MATERIAL TO PROCESS:
******************************

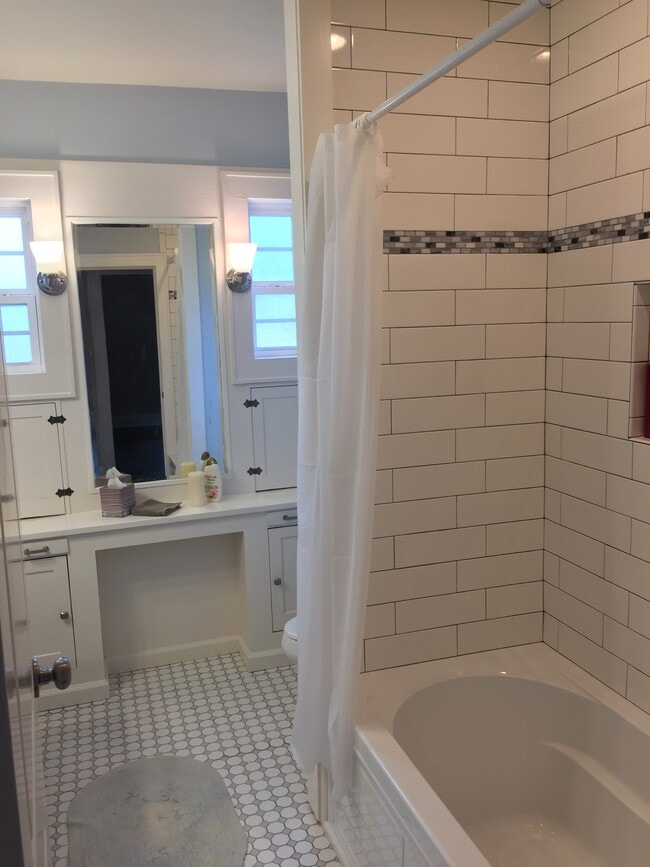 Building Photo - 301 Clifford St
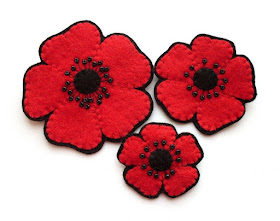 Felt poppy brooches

******************************

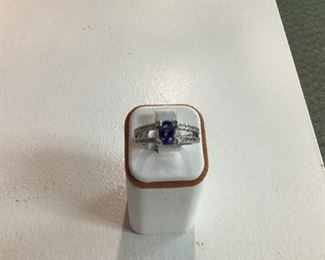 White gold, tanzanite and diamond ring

******************************

ABOUT THIS TASK: In the records above, find the line containing "Building Photo - 301 Clifford St" and the line containing "Felt poppy brooches", then give both of them again word for word along with every line between. Omit any pictures.

SOLUTION TO THIS PROBLEM:
 Building Photo - 301 Clifford St
 Felt poppy brooches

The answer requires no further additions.